* Information supplied *
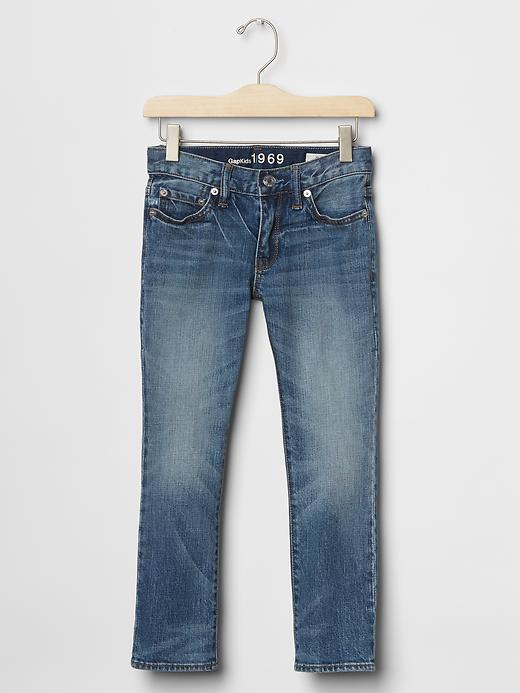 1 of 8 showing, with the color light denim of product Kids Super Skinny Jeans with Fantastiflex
...
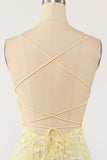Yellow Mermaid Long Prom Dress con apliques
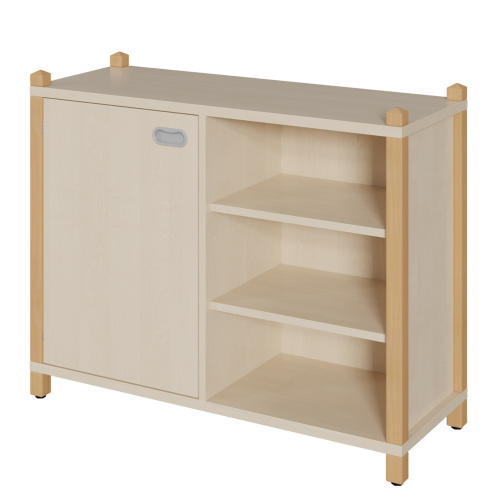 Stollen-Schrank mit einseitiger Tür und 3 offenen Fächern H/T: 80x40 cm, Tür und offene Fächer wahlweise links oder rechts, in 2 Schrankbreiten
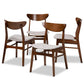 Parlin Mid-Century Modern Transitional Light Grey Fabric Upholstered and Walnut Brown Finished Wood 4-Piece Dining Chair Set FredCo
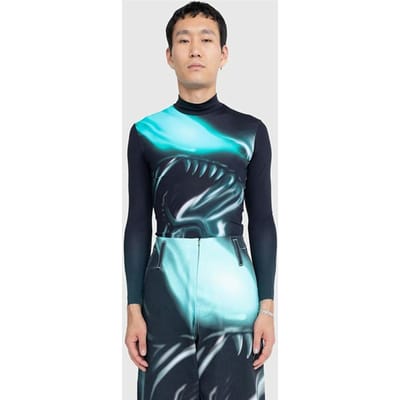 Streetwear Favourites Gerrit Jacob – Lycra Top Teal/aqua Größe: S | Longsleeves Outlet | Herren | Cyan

* Exercise *
Copy word for word the lines above, starting at the line containing "Yellow Mermaid Long Prom Dress con apliques" and ending at the line containing "Streetwear Favourites Gerrit", inclusive, with no pictures.

* Task output *
Yellow Mermaid Long Prom Dress con apliques
 Stollen-Schrank mit einseitiger Tür und 3 offenen Fächern H/T: 80x40 cm, Tür und offene Fächer wahlweise links oder rechts, in 2 Schrankbreiten
 Parlin Mid-Century Modern Transitional Light Grey Fabric Upholstered and Walnut Brown Finished Wood 4-Piece Dining Chair Set FredCo
 Streetwear Favourites Gerrit Jacob – Lycra Top Teal/aqua Größe: S | Longsleeves Outlet | Herren | Cyan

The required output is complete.